Trotzdem lässt sich der junge Boxer nicht von seinem kühnen Vorhaben abbringen – auch wenn er eigentlich ganz andere Probleme hat: Seine Verlobte Bianca (Tessa Thompson) erwartet ein Kind von ihm und hat größte Sorgen, ob der Nachwuchs gesund zur Welt kommen wird. Doch Adonis bleibt bei seiner Entscheidung, weil er es sich in den Kopf gesetzt hat, die tragische Geschichte seiner Familie neu zu schreiben. Und weil er überzeugt ist, dass er mit jeder Runde im Ring auch mehr über sich selbst erfahren kann. So muss sich Rocky entscheiden, ob er Adonis gegen seine eigene Überzeugung in diesen schweren Stunden dennoch beistehen muss, weil wahre Freunde in Momenten der Bewährung zusammenhalten müssen.

Die Story von Rocky, dem anfänglichen Loser, der irgendwann erkennt, dass sich jeder im Leben irgendwie durchboxen muss, war ein Glücksfall für Hollywood: Den ersten fünf „Rocky“-Filmen der Jahre 1976 bis 1990 folgte 2006 unter dem Titel „Rocky Balboa“ die Geschichte des gealterten „italian stallion“ – die Drehbücher steuerte zu allen Filmen Hauptdarsteller Sylvester Stallone bei. Beim ersten Spin-off „Creed – Rocky’s Legacy“ hatte dann Ryan Coogler das Heft in der Hand, ehe nun wieder Stallone bei „Creed II – Rocky’s Legacy“ am Drehbuch mitwirkte. Und genau wie sein Rocky war auch der Schauspieler selbst mit der Figur des Ivan Drago noch lange nicht fertig. Den Gedanken von Schuld, Verstrickung und Verantwortung trägt er nun auch in die nächste Generation weiter. Denn er ist überzeugt, dass sich das Leben immer und immer weiterdreht – und dass sich vieles genauso zuverlässig wiederholt.

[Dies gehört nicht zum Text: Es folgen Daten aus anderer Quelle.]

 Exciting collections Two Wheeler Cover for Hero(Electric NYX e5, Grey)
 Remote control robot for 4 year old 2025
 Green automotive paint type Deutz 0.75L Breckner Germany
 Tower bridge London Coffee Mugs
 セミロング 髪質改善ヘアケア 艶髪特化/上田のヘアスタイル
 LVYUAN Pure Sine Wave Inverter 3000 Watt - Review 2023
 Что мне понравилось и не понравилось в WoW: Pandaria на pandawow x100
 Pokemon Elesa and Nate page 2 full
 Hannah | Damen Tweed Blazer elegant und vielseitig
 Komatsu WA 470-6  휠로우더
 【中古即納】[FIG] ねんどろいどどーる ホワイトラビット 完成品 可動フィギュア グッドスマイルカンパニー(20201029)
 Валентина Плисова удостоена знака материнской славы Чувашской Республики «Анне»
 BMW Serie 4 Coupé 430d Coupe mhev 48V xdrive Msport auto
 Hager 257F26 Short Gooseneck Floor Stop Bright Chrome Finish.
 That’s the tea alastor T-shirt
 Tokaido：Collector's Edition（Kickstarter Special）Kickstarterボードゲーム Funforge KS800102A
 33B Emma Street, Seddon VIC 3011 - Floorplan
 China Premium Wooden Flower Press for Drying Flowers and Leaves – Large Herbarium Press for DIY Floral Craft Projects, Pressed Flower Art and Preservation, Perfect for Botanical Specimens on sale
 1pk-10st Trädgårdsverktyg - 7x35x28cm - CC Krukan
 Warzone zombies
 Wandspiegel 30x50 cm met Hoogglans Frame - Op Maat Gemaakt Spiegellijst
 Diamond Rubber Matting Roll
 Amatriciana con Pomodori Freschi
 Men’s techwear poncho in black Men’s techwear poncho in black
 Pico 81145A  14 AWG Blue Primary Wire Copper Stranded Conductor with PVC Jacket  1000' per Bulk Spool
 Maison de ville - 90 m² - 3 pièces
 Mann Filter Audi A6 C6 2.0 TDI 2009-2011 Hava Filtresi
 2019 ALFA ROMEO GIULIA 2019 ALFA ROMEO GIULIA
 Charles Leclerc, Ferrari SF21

Stallone hätte es sich leicht machen und die alten Rollenklischees einfach weitertragen können. Doch er hat versucht, die Geschichte des Ivan Drago weiterzudenken und nicht in den alten Stereotypen des Kalten Krieges, die „Rocky IV“ bestimmt hatten, hängenzubleiben. Drago ist nicht mehr die stählerne Kampfmaschine von damals, für deren Erfolg dem Sowjetregime nichts zu aufwendig und zu teuer war. Sein Leben hat den alten Glanz verloren. So, wie sich Rocky ganz am Anfang zwischen Schweinehälften im Schlachthof und heruntergekommenen Häuserzeilen für den ersten großen Kampf seines Lebens fit gemacht hatte, so müssen sich nun Viktor und Ivan Drago unter längst nicht mehr so optimalen Bedingungen wie zu Sowjetzeiten auf das ultimative Duell der nächsten Boxer-Generation vorbereiten.

Dieses Duell konfrontiert Adonis nicht nur mit einem knallharten Gegner, sondern auch mit sich selbst, seinen eigenen Zweifeln – und mit den Dämonen seiner Vergangenheit. „Ich fand, das wäre ein interessantes Thema, das in seinen Charakteren und seinem Spannungsbogen etwas von Shakespeare hat“, sagt Sylvester Stallone. Und auch wenn Regisseur Steven Caple in spektakulären Szenen die Fäuste seiner Boxer fliegen und die Zuschauer bei manchem Schlag den Atem anhalten lässt, geht es in „Creed II“ wie in allen „Rocky“-Filmen vor allem um eines: die Bedeutung von Freunden und Familie. Denn am Ende sind es eben doch nur ganz wenige, auf die man sich immer verlassen kann.

In Steven Caples Boxerdrama „Creed II – Rocky’s Legacy“ will der Sohn des im vierten „Rocky“-Film im Ring getöteten Ex-Weltmeisters Apollo Creed späte Rache nehmen. Und Rocky steht vor der schweren Entscheidung, ob Freundschaft mehr zählen muss als Vernunft.